Activity: From the line that contains "So that is an" to the final line below, both included, print each line exactly and skip the pictures.

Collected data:
┄┄┄┄┄┄┄┄┄┄

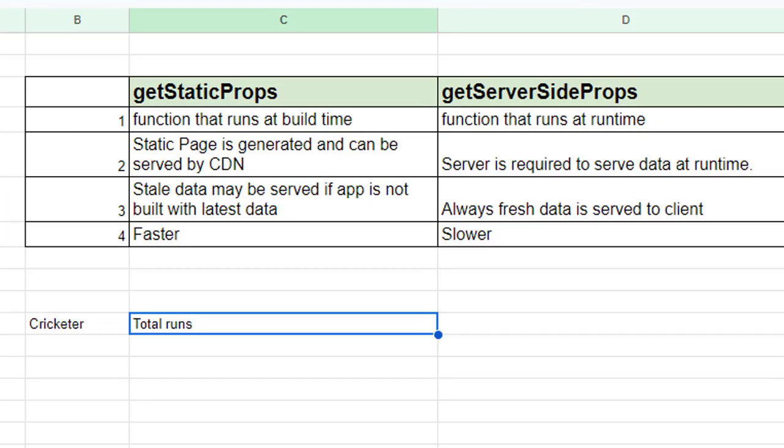In this video I will explain the difference between getStaticProps and getServerSideProps function in Next.js.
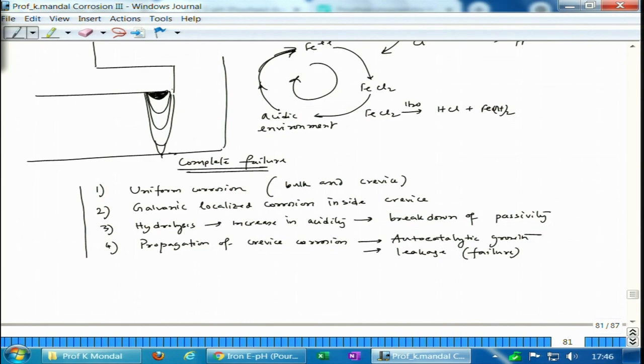Let us stop here. We will discuss some of the protection measures as well as some industrial case studies taken from book sources, and then we will complete our discussion on crevice corrosion. Thank you.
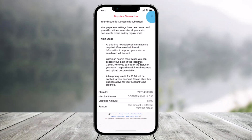You'll receive a confirmation that your dispute has been successfully submitted. You can now click the red X button to exit the process. And that's all it takes to dispute a wrong transaction on the Bank of America app. We hope the video was helpful — if it did help you, leave a like and subscribe to our channel. Feel free to leave any questions below. Thank you for watching and see you soon in our next video.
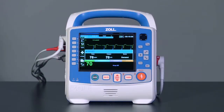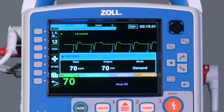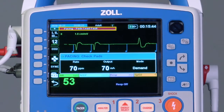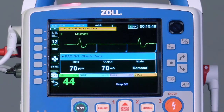If a multifunction pad is removed from the patient during demand pacing, the X-series Advanced will activate a high priority alarm and display a red alarm message: Pacing Pads Lead Fault.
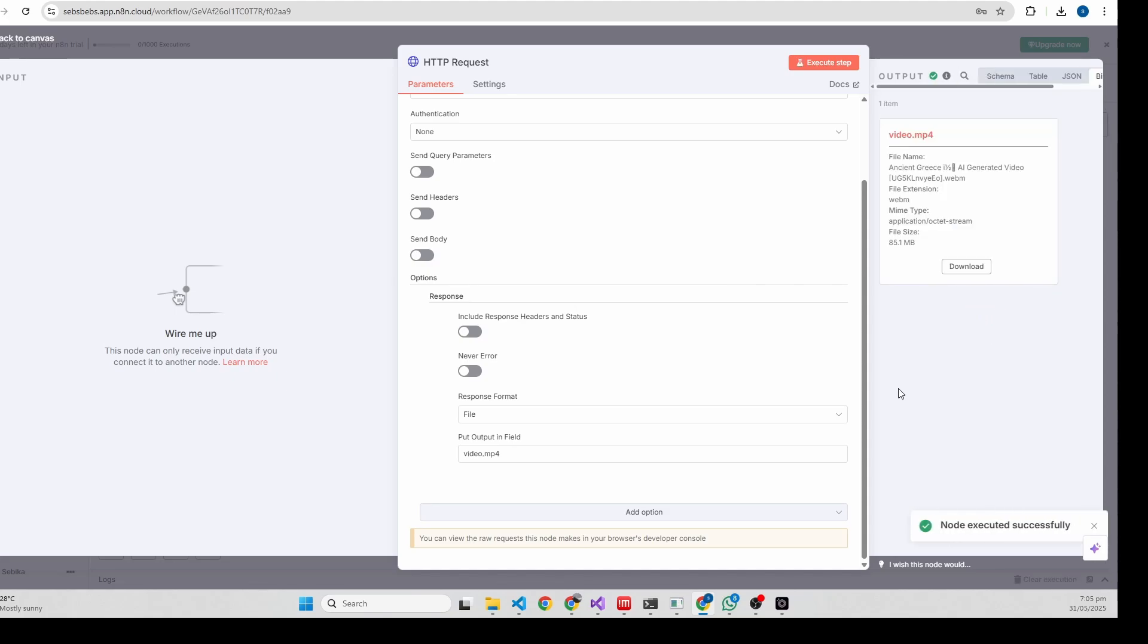Yeah, we can see the video is downloaded here. We can use this video to upload on Facebook.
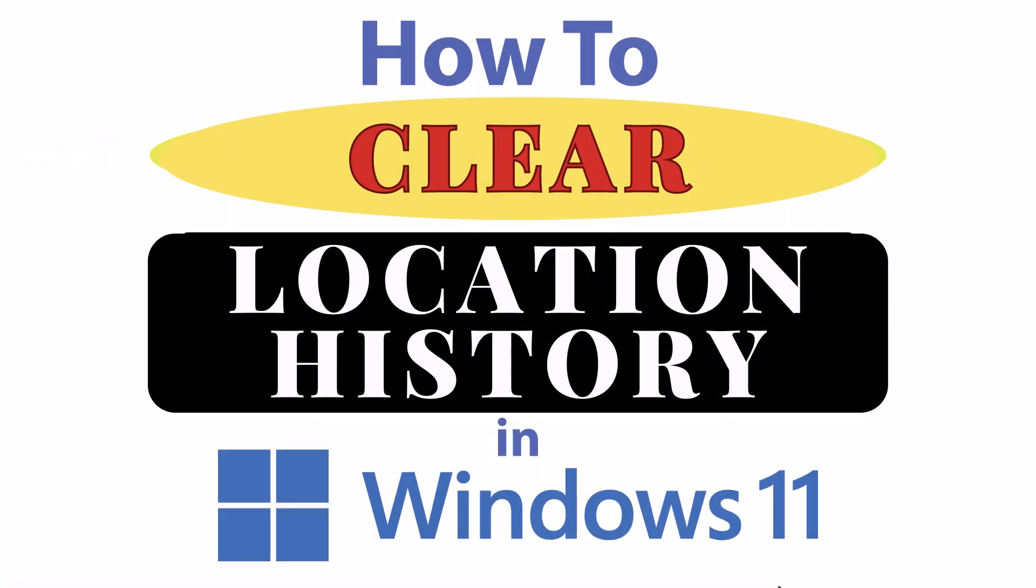This is going to be a video tutorial on how to clear Windows 11's location history. Let me jump over to my desktop here.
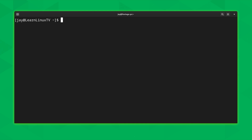One very popular use case for wget is to download an archive containing an application you want to install. Not every application is downloadable this way, but it is a very common use case. When you want to deploy an application on your server, the process usually starts by downloading the application you intend to install. So what I'm going to do is show you the process of downloading WordPress.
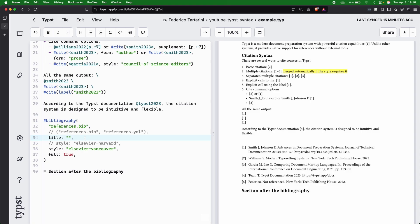and we can either remove it by passing an empty string, or we can say ciao, for instance, and this is going to be our new title of the bibliography.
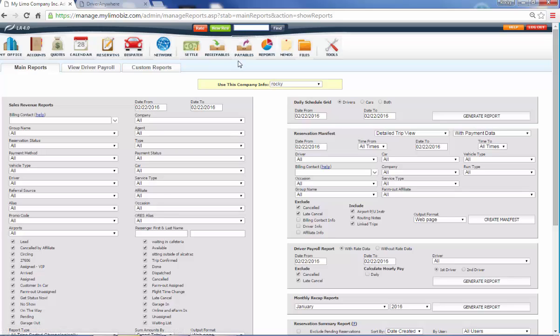So that is an introduction to the Limo Anywhere software. Please give us a call at 888-088-0302 and hit extension 1 for the sales department and we would love to talk to you and explain to you in more detail. Look forward to talking to you. Thanks.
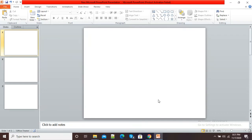Hello viewers. In this video I am going to show you how we can insert so many pictures at a single time in our PowerPoint presentation. Here you can see I am having three slides.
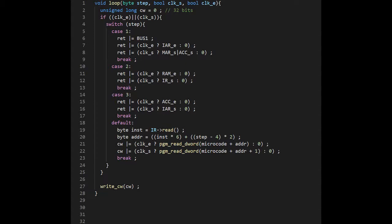The first three cases are used to set the control signals for steps 1, 2 and 3. These are identical for each instruction, so by doing this we cut our microcode size in half.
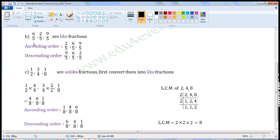Next set of fractions: 6 by 5, 2 by 5, 9 by 5. All these are like fractions, as they have the same value in the denominator. Ascending order — smallest fraction first. Of these three fractions, 2 by 5 is the smallest fraction. In the remaining fractions, 6 by 5 is the smallest. The last is 9 by 5. 9 by 5 is the biggest of these three fractions.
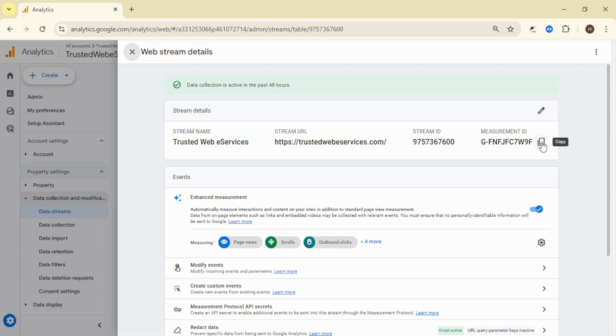That's it. Simply copy this ID and use it wherever you're required to input your Google Analytics tracking ID, whether for a website, app, or any other tool integration.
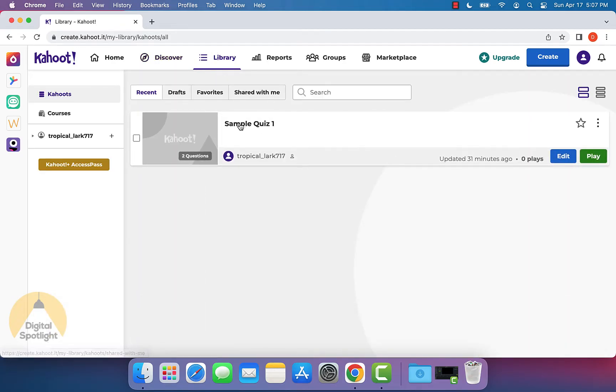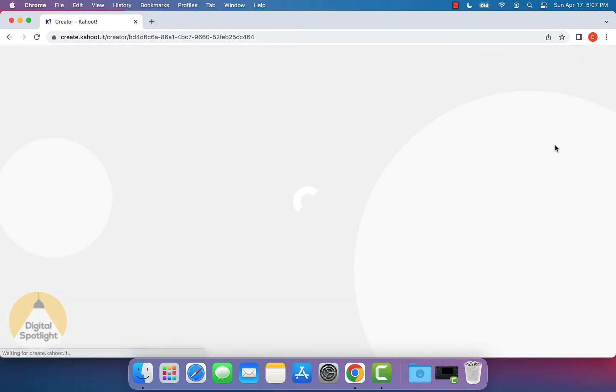Once you get here, you can see I already have this sample quiz one here. And what you want to do is actually click edit right here.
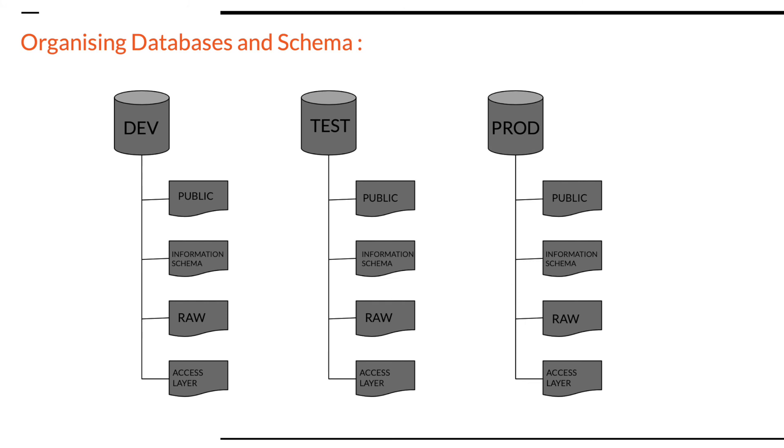In this approach, a database is created for each environment. As you can see that DEV, TEST, and PROD are the databases in this picture. And within each database, we have the public and information schema which are already provided by Snowflake itself. And along with public and information schema, I have created RAW and access layer.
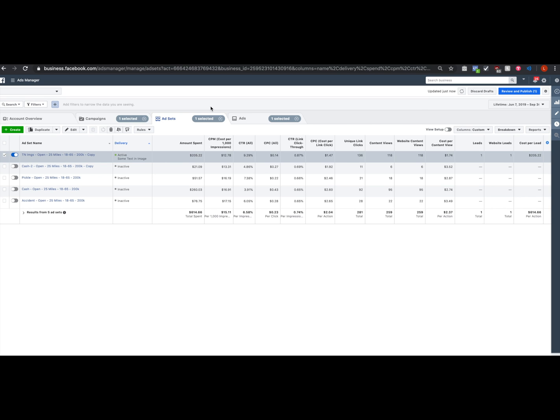So I want to take my best performing ad from a dynamic creative ad set and take that and put it into a brand new campaign and scale with it. How do I do that? I'm going to go ahead and show you how to do that.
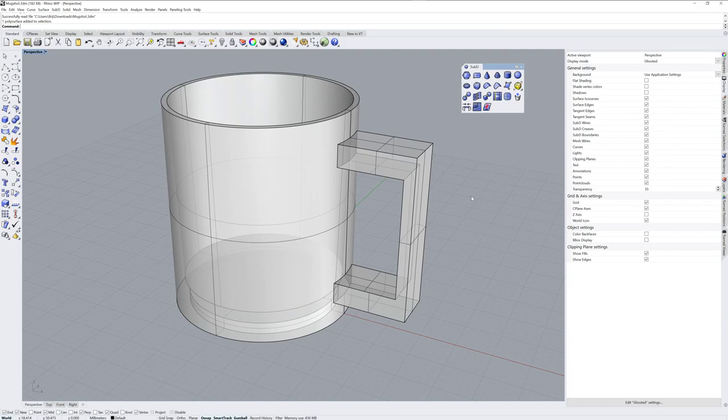I wanted to show you some stuff with the new Rhino 7 Work in Progress. The Rhino 7 Work in Progress has a suite of tools called SubD, and this stands for Subdivision Surfaces.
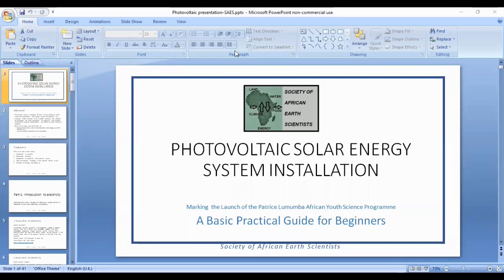Greetings. Welcome to the Society of African Earth Scientists Solar Photovoltaics Energy System Installation. This is a workshop which has been organised to mark the launch of the Patrice Lumumba African Youth Science Programme.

┄┄┄┄┄┄┄┄┄┄

The completed task:
So that is an introduction to the Limo Anywhere software. Please give us a call at 888-088-0302 and hit extension 1 for the sales department and we would love to talk to you and explain to you in more detail. Look forward to talking to you. Thanks.
Hello viewers. In this video I am going to show you how we can insert so many pictures at a single time in our PowerPoint presentation. Here you can see I am having three slides.
The first three cases are used to set the control signals for steps 1, 2 and 3. These are identical for each instruction, so by doing this we cut our microcode size in half.
Next set of fractions: 6 by 5, 2 by 5, 9 by 5. All these are like fractions, as they have the same value in the denominator. Ascending order — smallest fraction first. Of these three fractions, 2 by 5 is the smallest fraction. In the remaining fractions, 6 by 5 is the smallest. The last is 9 by 5. 9 by 5 is the biggest of these three fractions.
That's it. Simply copy this ID and use it wherever you're required to input your Google Analytics tracking ID, whether for a website, app, or any other tool integration.
Once you get here, you can see I already have this sample quiz one here. And what you want to do is actually click edit right here.
In this approach, a database is created for each environment. As you can see that DEV, TEST, and PROD are the databases in this picture. And within each database, we have the public and information schema which are already provided by Snowflake itself. And along with public and information schema, I have created RAW and access layer.
So I want to take my best performing ad from a dynamic creative ad set and take that and put it into a brand new campaign and scale with it. How do I do that? I'm going to go ahead and show you how to do that.
I wanted to show you some stuff with the new Rhino 7 Work in Progress. The Rhino 7 Work in Progress has a suite of tools called SubD, and this stands for Subdivision Surfaces.
Greetings. Welcome to the Society of African Earth Scientists Solar Photovoltaics Energy System Installation. This is a workshop which has been organised to mark the launch of the Patrice Lumumba African Youth Science Programme.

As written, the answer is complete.